Information provided »

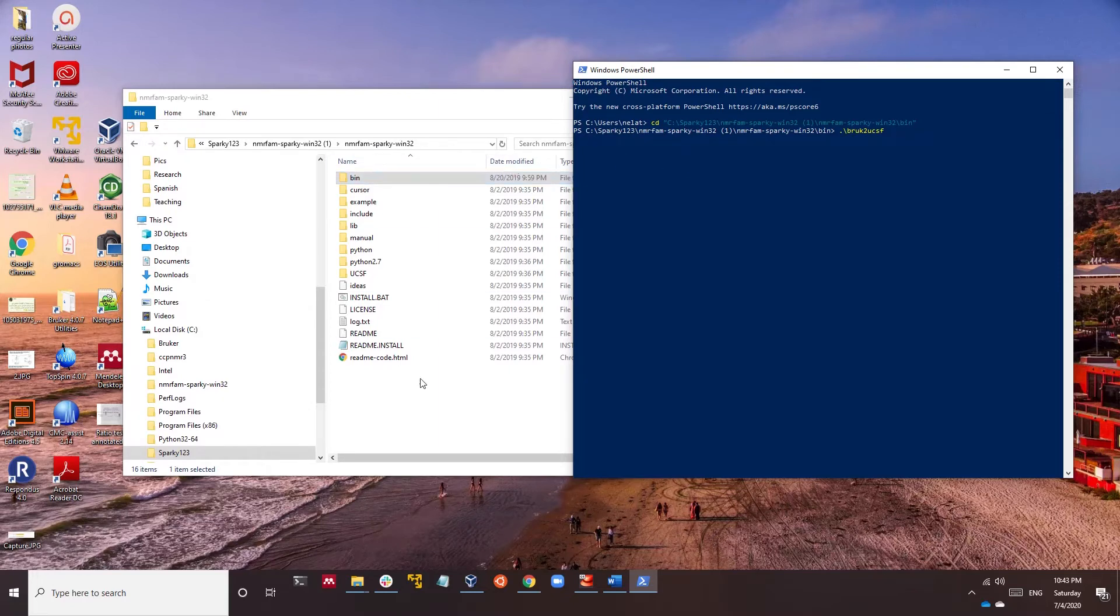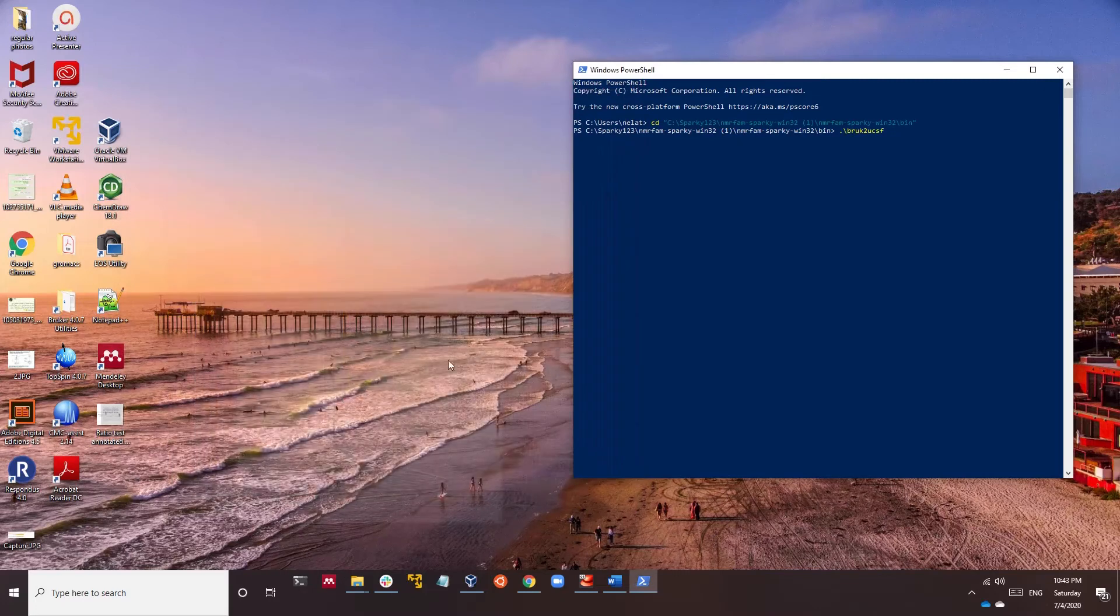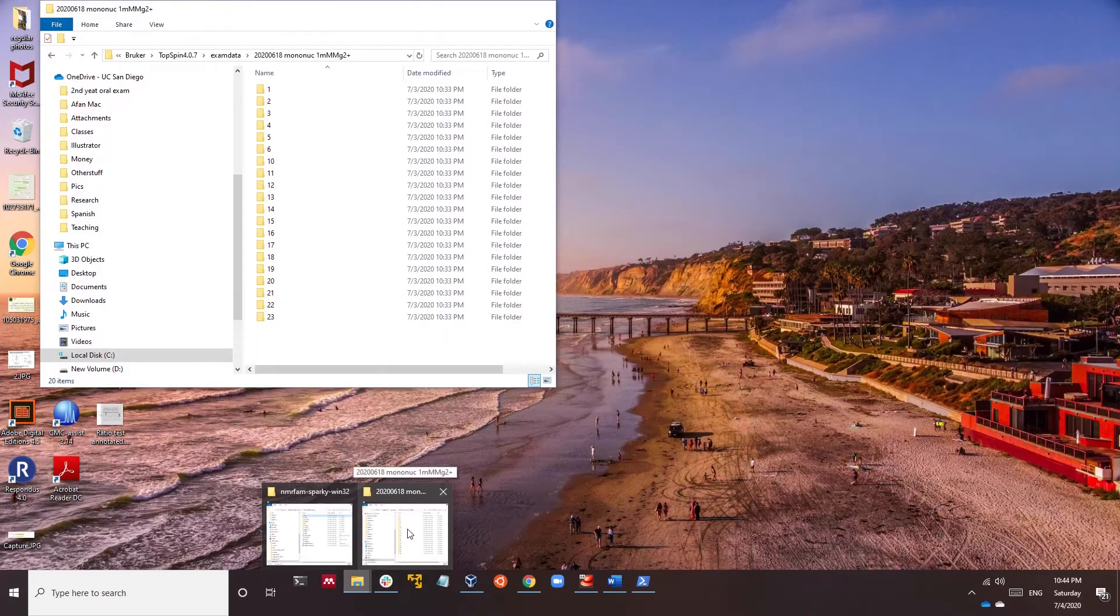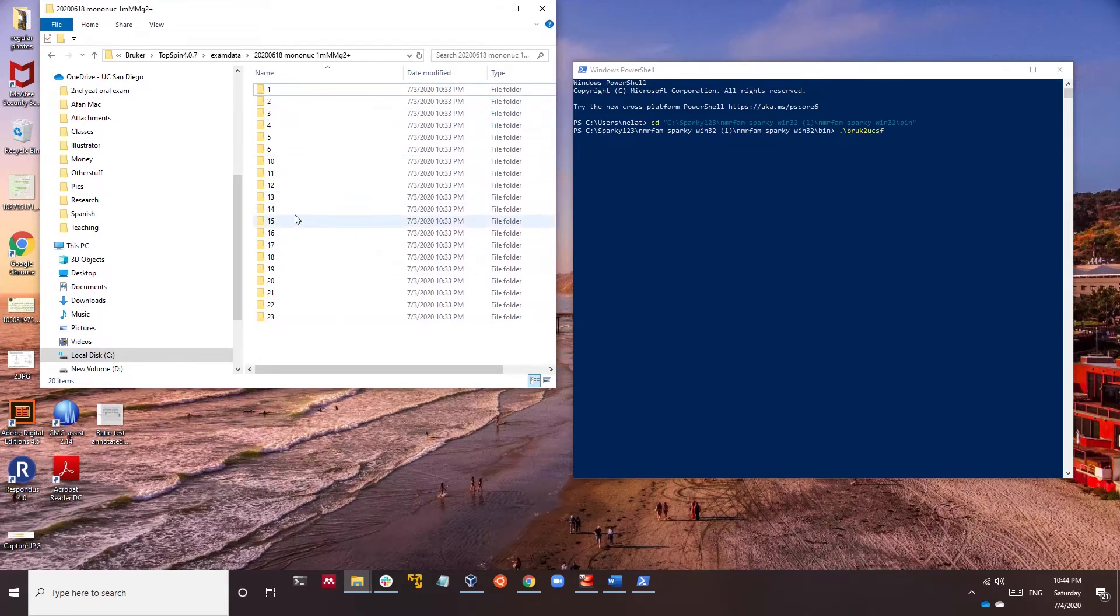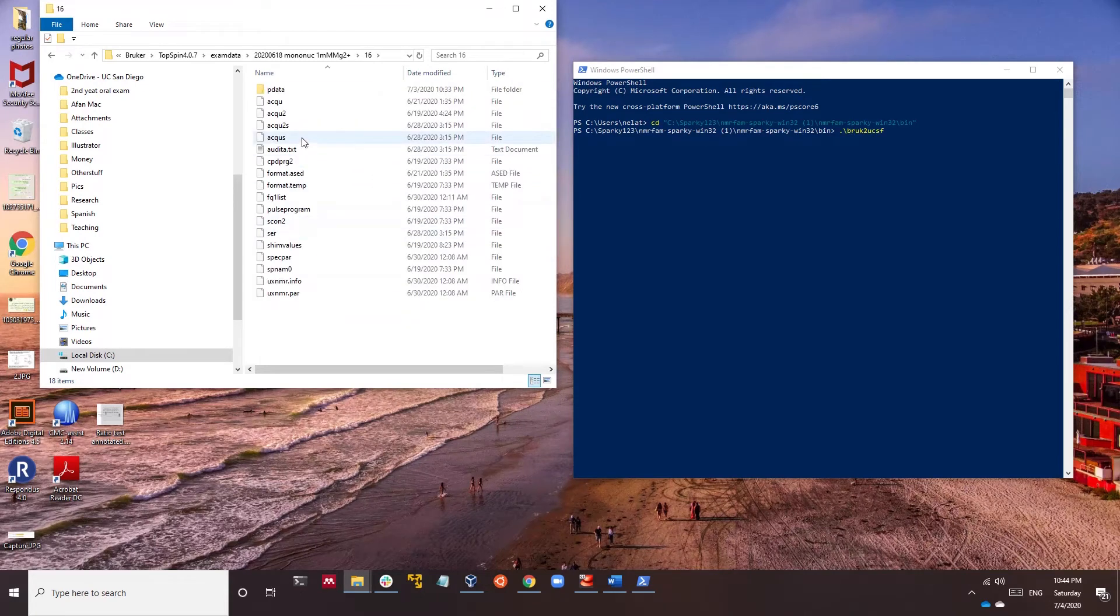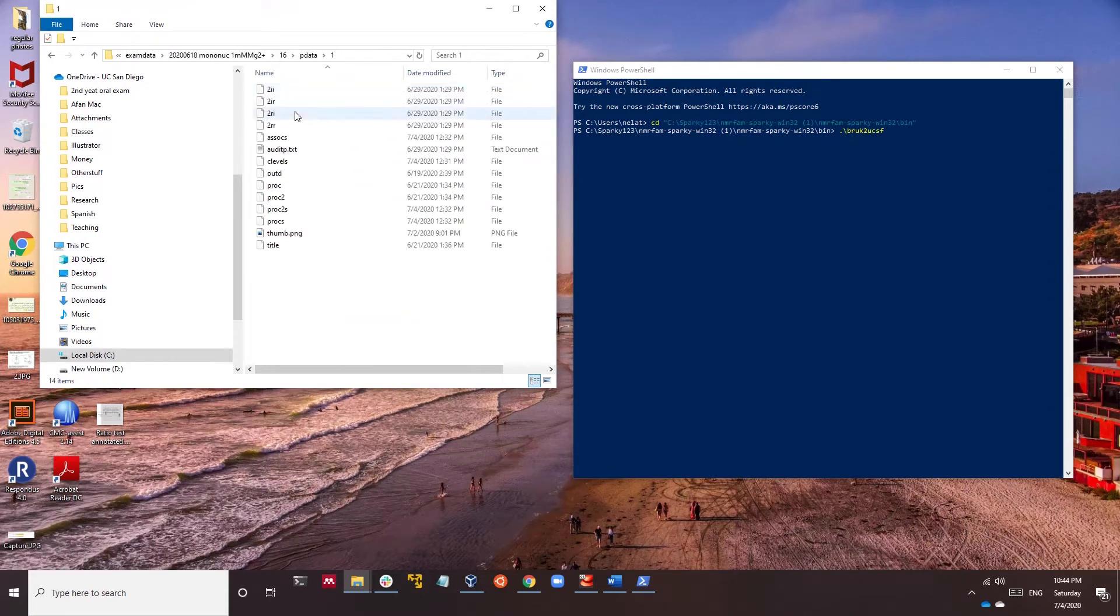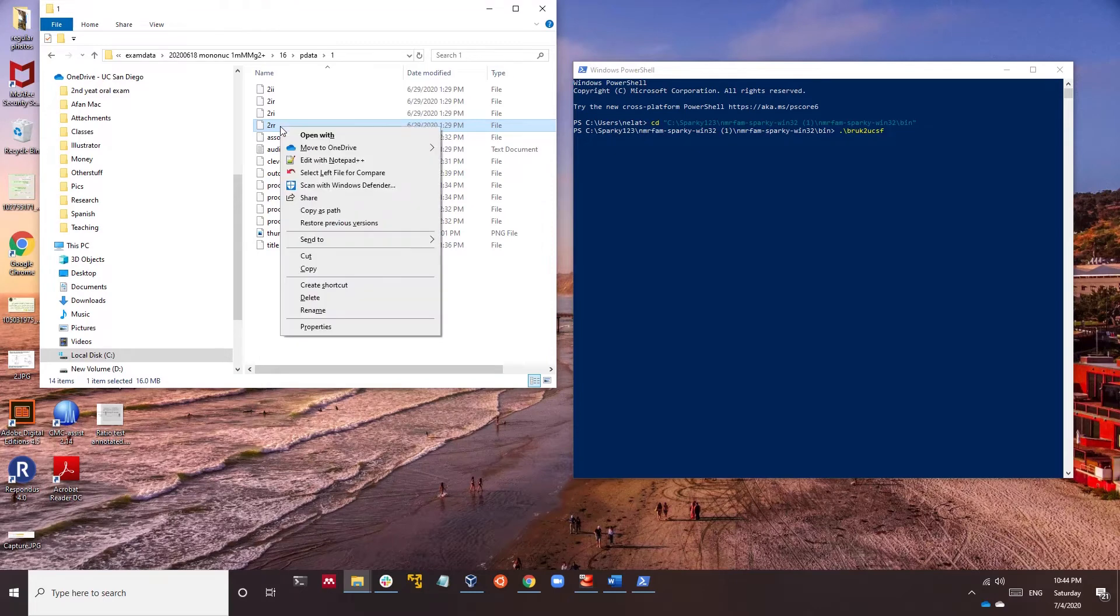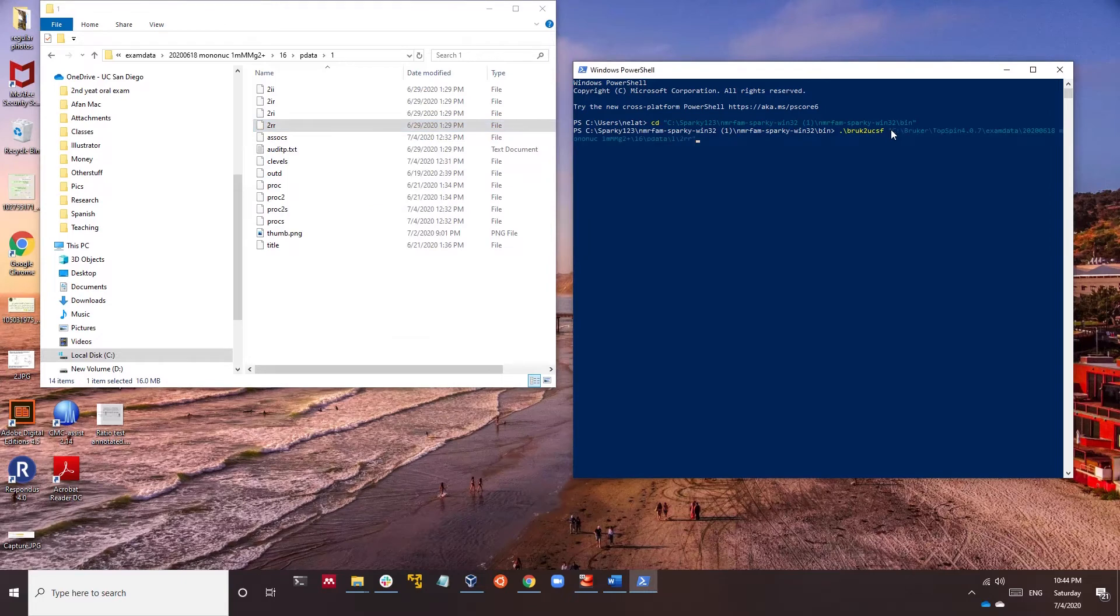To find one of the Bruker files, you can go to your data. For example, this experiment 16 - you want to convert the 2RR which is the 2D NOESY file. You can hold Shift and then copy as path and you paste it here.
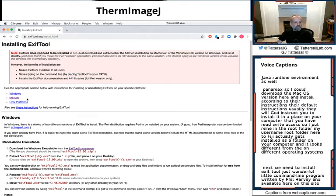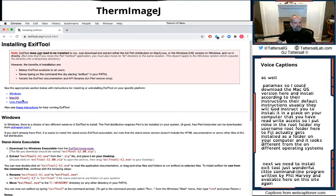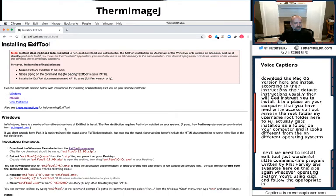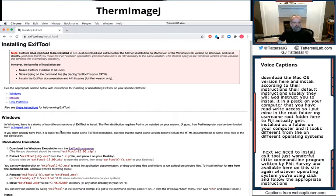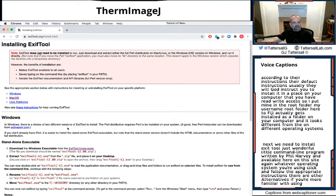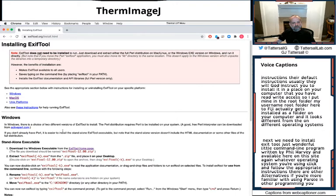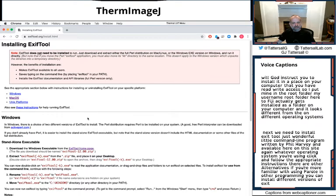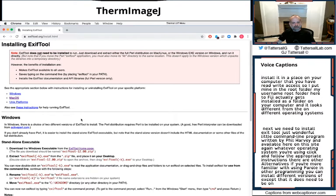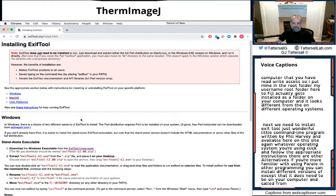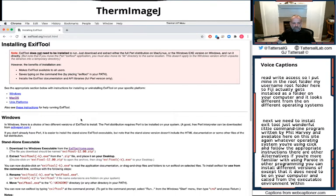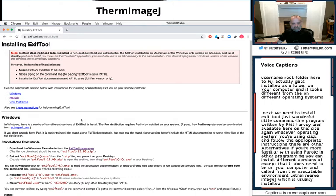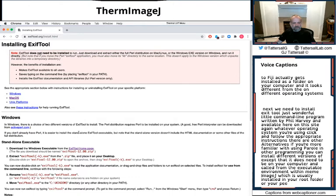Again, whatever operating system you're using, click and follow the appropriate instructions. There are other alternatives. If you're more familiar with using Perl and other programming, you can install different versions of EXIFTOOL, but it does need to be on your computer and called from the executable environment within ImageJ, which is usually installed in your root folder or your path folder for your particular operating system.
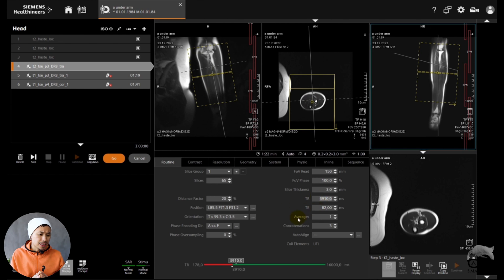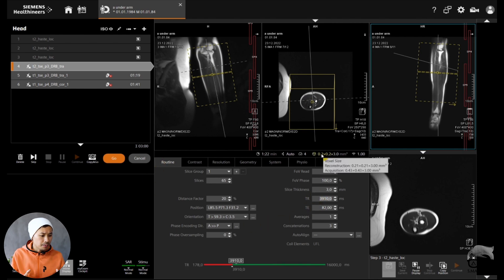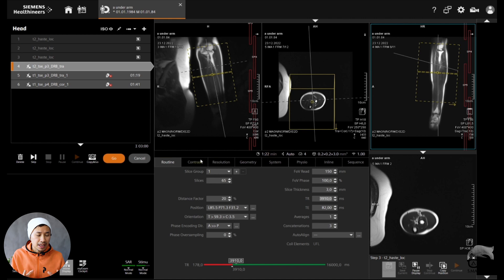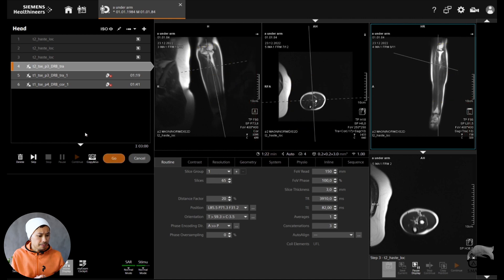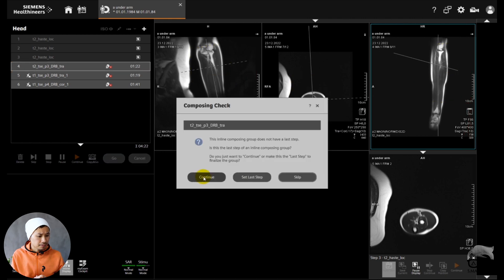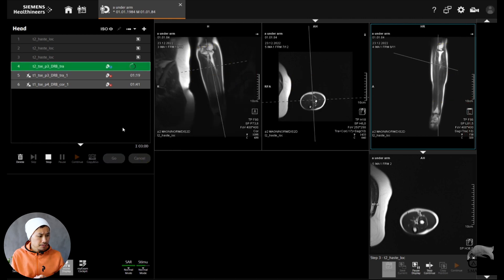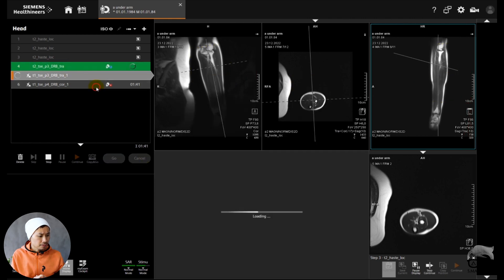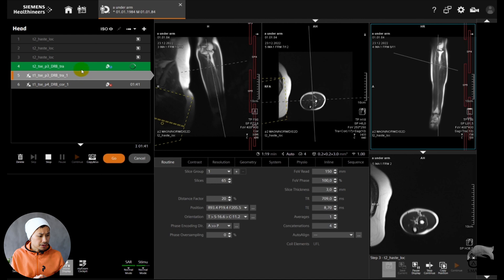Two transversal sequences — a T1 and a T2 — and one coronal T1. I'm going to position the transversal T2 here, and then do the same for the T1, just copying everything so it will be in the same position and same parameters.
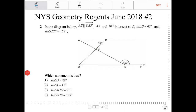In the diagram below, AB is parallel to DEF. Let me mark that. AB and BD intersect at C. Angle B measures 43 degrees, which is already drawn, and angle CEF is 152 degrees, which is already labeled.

Exercise aim »
All of the listing above has to be reproduced exactly, though without its images.

Written answer »
To find one of the Bruker files, you can go to your data. For example, this experiment 16 - you want to convert the 2RR which is the 2D NOESY file. You can hold Shift and then copy as path and you paste it here.
Again, whatever operating system you're using, click and follow the appropriate instructions. There are other alternatives. If you're more familiar with using Perl and other programming, you can install different versions of EXIFTOOL, but it does need to be on your computer and called from the executable environment within ImageJ, which is usually installed in your root folder or your path folder for your particular operating system.
Two transversal sequences — a T1 and a T2 — and one coronal T1. I'm going to position the transversal T2 here, and then do the same for the T1, just copying everything so it will be in the same position and same parameters.
In the diagram below, AB is parallel to DEF. Let me mark that. AB and BD intersect at C. Angle B measures 43 degrees, which is already drawn, and angle CEF is 152 degrees, which is already labeled.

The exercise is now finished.